Rencontre avec... Pierre-Maxime Duminil, directeur général de Cavamac (Caisse d'allocation vieillesse des agents généraux)

« La gestion flexible permet de redonner un caractère tactique »

le 12/03/2015 L'AGEFI Hebdo

« La gestion flexible permet de redonner un caractère tactique »
Pierre-Maxime Duminil, directeur général de Cavamac (Caisse d’allocation vieillesse des agents généraux)
(DR)

Quel est votre intérêt pour la gestion flexible ?

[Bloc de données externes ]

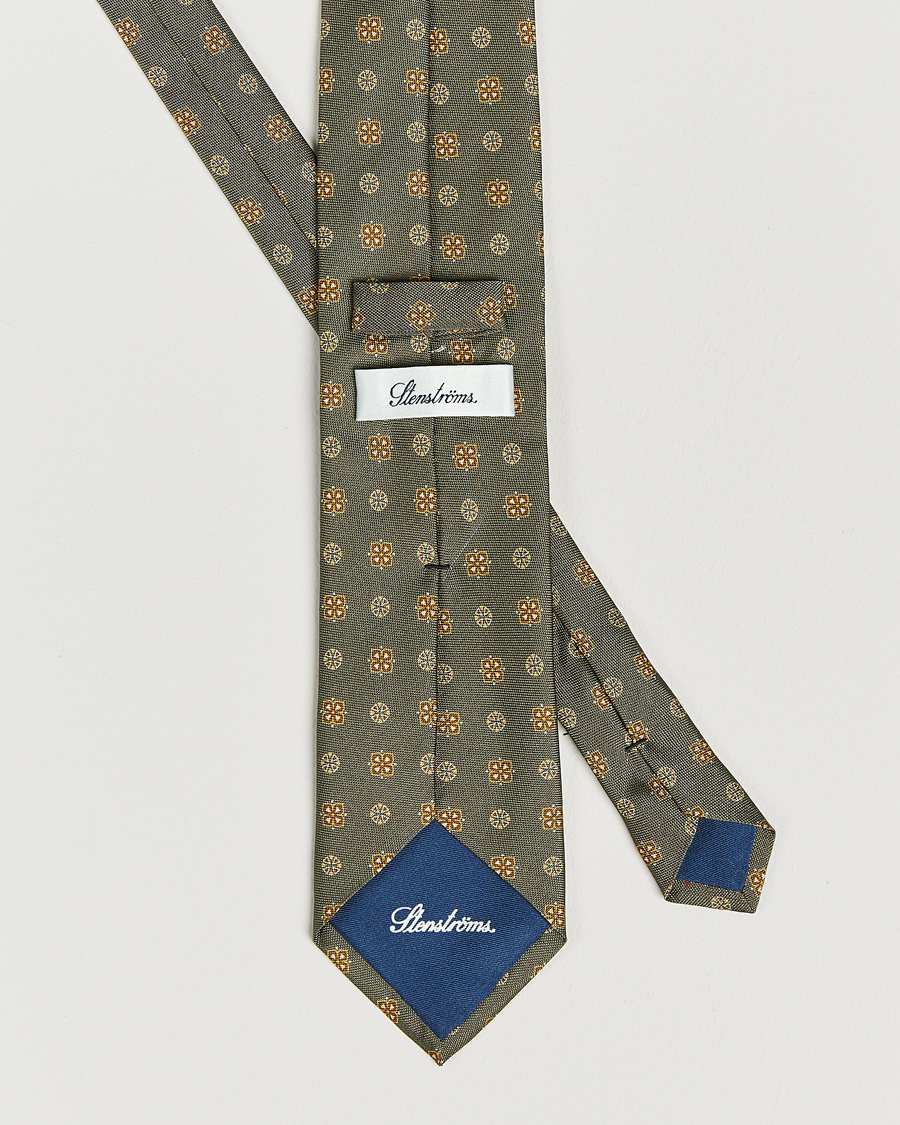 Herr | Stenströms Printed Silk Tie Grey | Stenströms | Printed Silk Tie Grey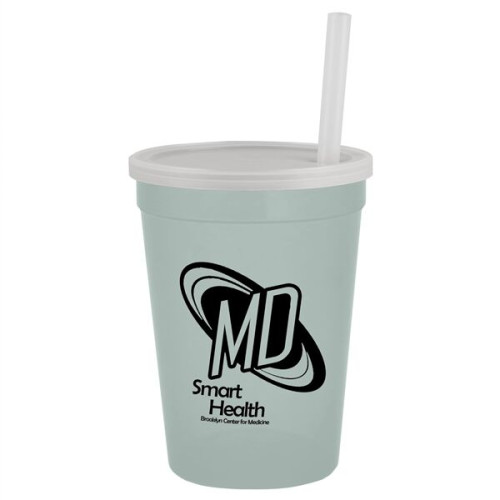 12 oz Cup with Lid & Straw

Afin de capter les meilleures performances sur chacune des classes d’actifs grâce à une sélection des gérants, nous avions réorganisé notre gestion d’actifs en 2008 autour de fonds dédiés « purs » en obligations euro, actions euro, obligations convertibles et actions internationales, selon une allocation stratégique avec 45 % d’actions et 45 % d’obligations. Nous avions sélectionné deux ou trois gérants spécialisés dans chaque classe d’actifs afin de les mettre en compétition. Cela nous a offert un très bon niveau de performance depuis six ans, avec un rendement annuel réel de 7 % hors inflation, mais pas la possibilité d’éviter les crises de 2008 et 2011. C’est pour avoir plus de souplesse sur ce portefeuille global de 1,2 milliard d’euros, et lui redonner un caractère plus « tactique », que nous avons proposé en 2011 à notre commission des placements d’ajouter une poche de gestion flexible, pour environ 10 % du portefeuille.

Comment avez-vous organisé cette gestion ?

Après appel d’offres, nous avons créé deux fonds dédiés avec deux gérants flexibles – toujours pour pouvoir les comparer et les suivre. Nous avons choisi deux véhicules « fonds de fonds », là encore pour pouvoir investir via des gérants spécialisés sur les classes d’actifs visées : actions, obligations, monétaires, convertibles... Nous leur avons fixé des contraintes : un peu plus souples en termes de rating, plus rigides en termes de perte maximum (« max drawdown » de 10 % sur un an glissant) et de volatilité. Nous sommes satisfaits des performances (24 % sur trois ans, avec une volatilité inférieure à 4 %), supérieures à l’objectif (Eonia +4 %) même si, sur la période, nos fonds « purs » ont mieux profité des rallys sur les actions et les obligations. Nous pourrions augmenter cette allocation tactique « flexible » jusqu’à 20 % de notre actif à l’avenir.

Une souplesse nécessitée par des contraintes de passif ?

Ce n’était pas notre objectif. Après quinze ans d’investissement, nous sommes certes entrés dans une phase « neutre », avec des besoins de trésorerie mais pas encore de liquidités nécessitant de « consommer » nos réserves. Du fait d’une démographie des agents d’assurance défavorable, nous devrons cependant réorganiser notre allocation stratégique en 2016, ce qui sera l’occasion de s’appuyer sur cette allocation flexible.